*INSTRUCTIONS TO FOLLOW:* Reproduce the data that follows character for character, but omit its pictures.

[[ DATA EXTRACT open ]]

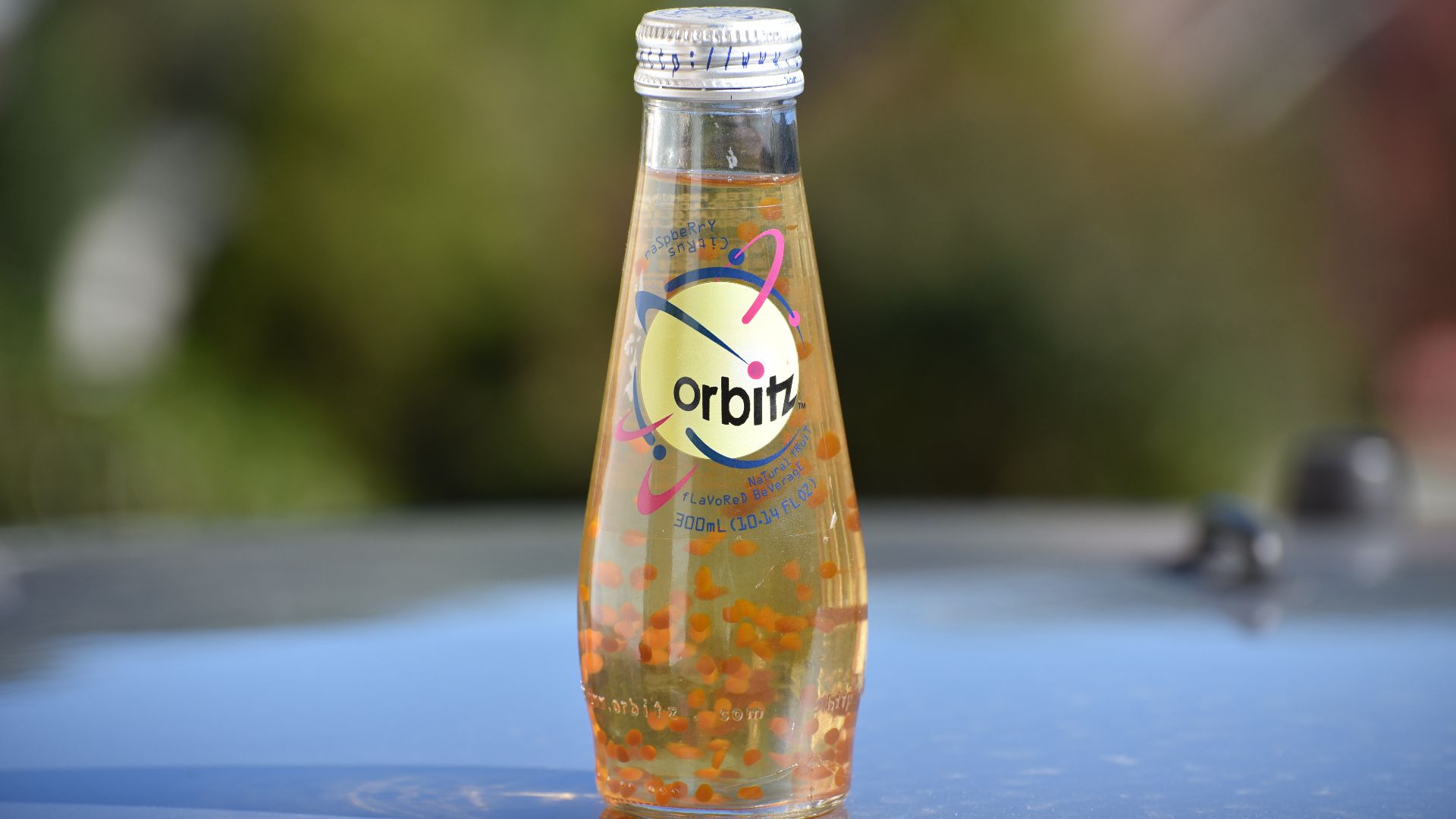 An unopened bottle of Orbitz sitting outside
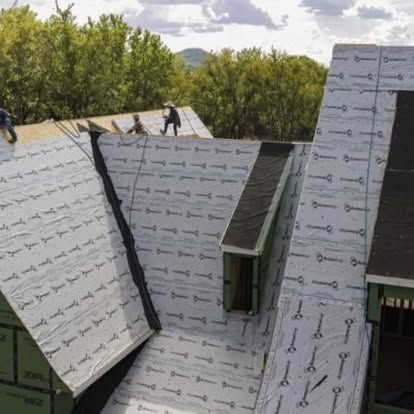 Workers installing gray roofing underlayment on steep roof sections, with trees in the background.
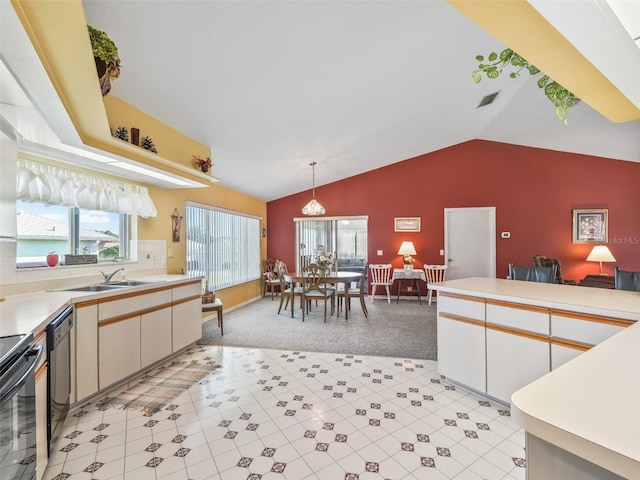 kitchen with light countertops, lofted ceiling, hanging light fixtures, black appliances, and a sink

[[ DATA EXTRACT closed ]]

*RESULT OF THIS TASK:*
 An unopened bottle of Orbitz sitting outside
 Workers installing gray roofing underlayment on steep roof sections, with trees in the background.
 kitchen with light countertops, lofted ceiling, hanging light fixtures, black appliances, and a sink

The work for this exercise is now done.